The 2006 Poetry Bus Tour will cover 50 cities in 50 days
/ Source: The Associated Press

Poetry fans, keep an eye out this fall for a Green Tortoise bus.

Look beyond the bookstore or campus lecture hall. Try a ranch in Missoula, Mont.; a sushi bar in Spokane, Wash.; or a church in Providence, R.I. Peek inside this 40-foot coach, if you dare, and expect to find beds, seating areas, work stations and, at any given time, a couple of dozen road-tested poets.

The 2006 Poetry Bus Tour, billed as the “most ambitious poetry tour ever attempted,” is a voyage of verse that will cover 50 cities in 50 days, a pace that could wear out the most experienced politician or rock star. The tour is being organized by Wave Books, a Seattle-based poetry press.

“When my first book (‘Things Are Happening’) came out, I went on a 50-stop tour, just by myself, in my car,” says poet Joshua Beckman, an editor at Wave Books and co-founder of the tour with fellow poet and Wave Books editor Matthew Zapruder. “It reminded me of the way musicians would tour, when you put something creative out, you drove around and showed it to people. And my experience on that first tour was so interesting, just going to all those places and meeting people. I kept looking to expand on it, and share it with other people.”

The tour, which includes both Wave and non-Wave poets, begins Labor Day at the Bumbershoot Music Festival in Seattle and wraps up in late October, back home at Seattle’s Space Needle. An evolving cast of poets, from eminences such as John Ashbery to writers who have yet to be published, will join and leave along the way.
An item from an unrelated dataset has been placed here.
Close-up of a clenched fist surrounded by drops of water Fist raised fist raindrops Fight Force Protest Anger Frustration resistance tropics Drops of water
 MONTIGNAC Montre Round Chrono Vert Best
Some, like the 79-year-old Ashbery and fellow Pulitzer Prize winner James Tate, will simply participate in readings. Others will stick around longer, like 31-year-old Cole Heinowitz, who plans to spend two nights on the bus in October.

“I think that cohabitation is a great way to break through boundaries that otherwise don’t get broken down, especially in the sometimes professionalistic and distant world of poets. I also love the idea of lying on my back and looking out the windows while we move at 60 miles per hour,” says Heinowitz, whose books include “Daily Chimera” and the upcoming “The Rubicon.”
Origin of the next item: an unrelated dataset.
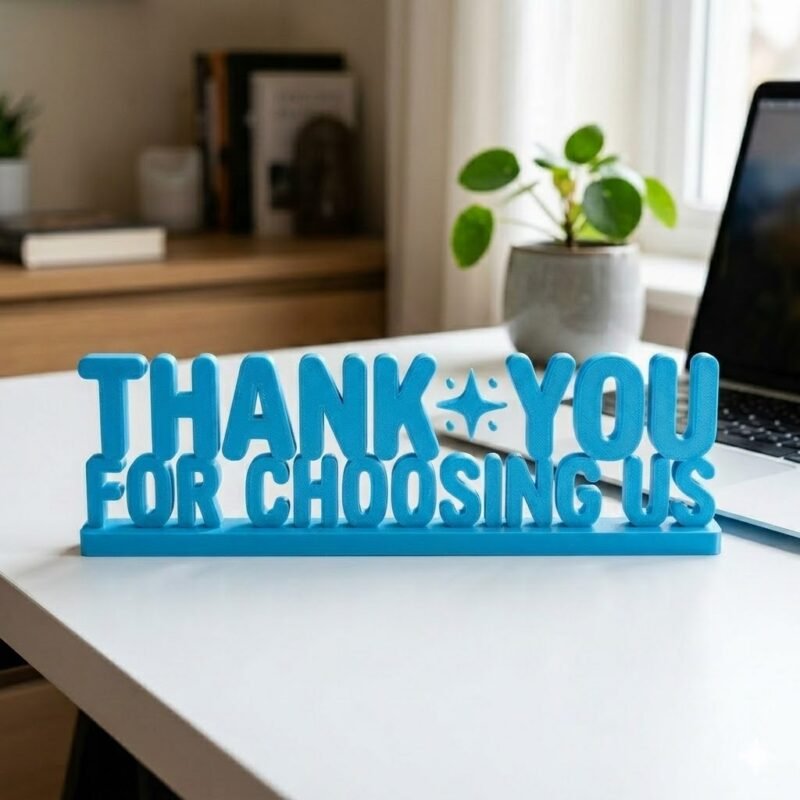 Thank You For Choosing Us 3D Printed Desk Sign for Office & Reception Decor - Image 6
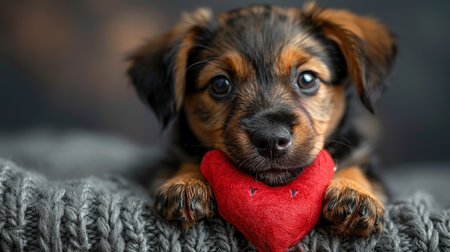 A cute puppy with a paper heart in its paws on a gray background with a copy of the space. The concept of celebrating Valentine's Day, as well as a picture for veterinary clinics or animal shelters.の素材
Readings will take place wherever open spaces are to be found, and, ideally, food and accommodations provided. The tour will feature stops at the First Unitarian Church in Providence; the Naval Academy in Annapolis, Md.; the Butler Creek Ranch in Missoula; and, just south of Madison, Wis., an organic farm run co-managed by poet Lisa Fishman, who looks forward to two extended stays on the bus.

“I think it’ll be a dream come true,” says the 39-year-old Fishman, whose third book, “The Happiness Experiment,” is scheduled to come out next year. “I think there’ll be a lot of energy. I imagine a lot of singing, because when you’re traveling on the road, in an enclosed space, I have a feeling you revert to that childhood activity of singing on the bus.”
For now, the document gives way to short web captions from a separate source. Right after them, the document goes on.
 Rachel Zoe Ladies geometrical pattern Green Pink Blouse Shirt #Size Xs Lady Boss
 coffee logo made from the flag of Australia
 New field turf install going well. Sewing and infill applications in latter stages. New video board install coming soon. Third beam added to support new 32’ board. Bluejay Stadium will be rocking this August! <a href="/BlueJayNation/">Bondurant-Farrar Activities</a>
Wave Books expects to burn through more than 1,500 gallons of gas and more than 150 gallons of coffee. The caravan of poets will include a filmmaker, two professional astrologers and continuous online updates.

Asked what he expects to happen when you throw together dozens of poets — male and female, average age 32 — in an enclosed environment for days or weeks at a time, Beckman laughs nervously, and a little wickedly, then suggests two very different outcomes.

“People have different ideas what a poetry bus can be,” he says. “A lot of people think a poetry bus is the most boring thing you could imagine, like a bus full of people incredibly quietly reading. Others think about Ken Kesey and think it’s going to be crazy, with nobody wearing any clothes and lots of drugs.

“To be honest, if I really knew what was going to happen I wouldn’t be as excited as I am right now.”